Thursday, September 23, 2010

DAY 69

Today I am grateful for: leaving part of my heart in good hands



I'm at the airport waiting for my flight from Salt Lake City to LA. All day I have had that feeling of dread in the pit of my stomach. The one that always comes when you know you have to do something that you don't want to do.

I did not want to once again say good-bye to people that I love. I seem to be doing that a lot in the last 6 months.

I realised that I had tears in my eyes when I arrived at this airport 3 weeks ago, and now I have tears in my eyes again upon leaving.

I think it has to do with my heart.

My arrival tears were because I was reunited with a piece of my heart that I had lost - the piece Alison left with 4 months ago. Today the tears were because I was losing that part again. It stays with Alison.
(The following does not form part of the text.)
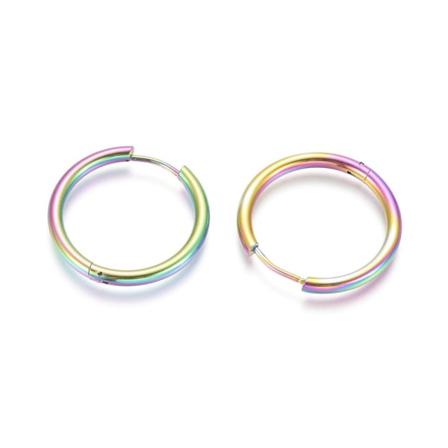 1par 25 Mm Hoops Örhängen I Rainbow 316l Kirurgiskt Stål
She keeps it with her heart.

Is that what love is? Leaving pieces of your heart with people, hoping that they will care for it until the time comes to give it back?

I think in the case of loving my Dad, when he died that piece of my heart was lost along with him. Grief is learning to live with less of your heart.

Today I am grateful for the knowledge that I am leaving part of my heart in safe hands. I know Alison will care for it and bring it back to me.

2 comments:

Sue Moes said...

Hope you have a good trip back Linny. You are bringing the missing piece of my heart back to me.

Selena said...

"Grief is learning to live with less of your heart" - so true Linda.